=== Section Start ===

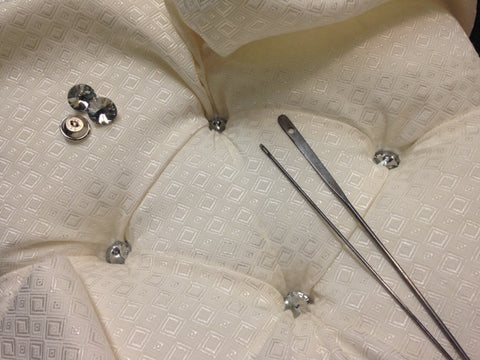 Diamond tufting upholstery with regulator needle and button needle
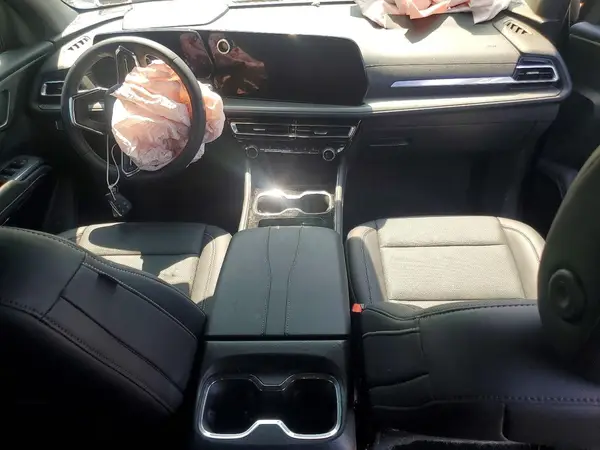 1GNEVGRS3SJ260580 2025 CHEVROLET TRAVERSE - Image 8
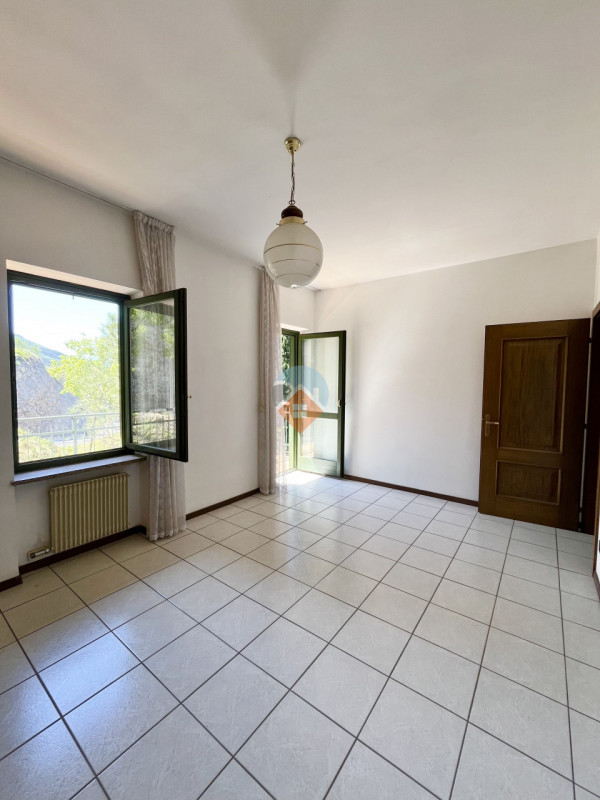 Foto appartamento in vendita a Rovereto (Trento)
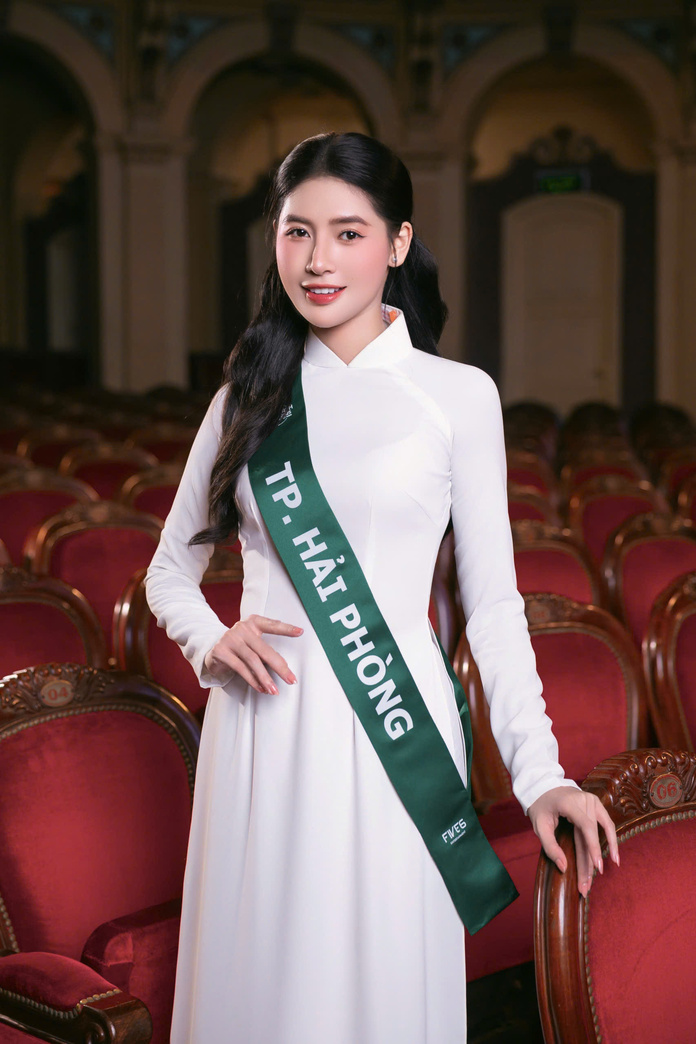 Pham Hoang Thu Uyen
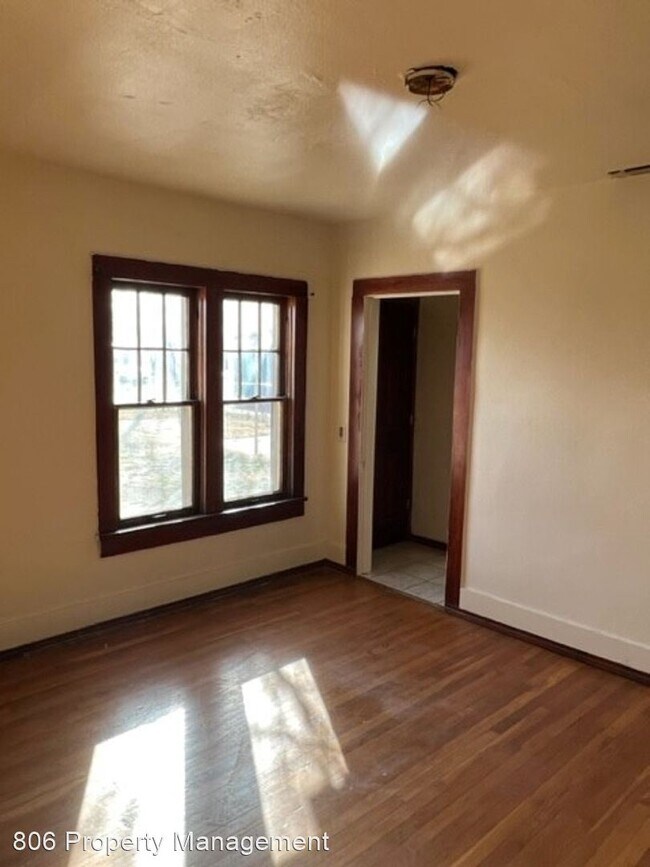 Foto del edificio - 2 br, 1 bath House - 515 W Main St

=== Section End ===

EXERCISE GOAL
Once the line holding "Foto appartamento in" is found, copy it and each later line exactly through the end of the data, leaving out the pictures.

EXPECTED OUTPUT
 Foto appartamento in vendita a Rovereto (Trento)
 Pham Hoang Thu Uyen
 Foto del edificio - 2 br, 1 bath House - 515 W Main St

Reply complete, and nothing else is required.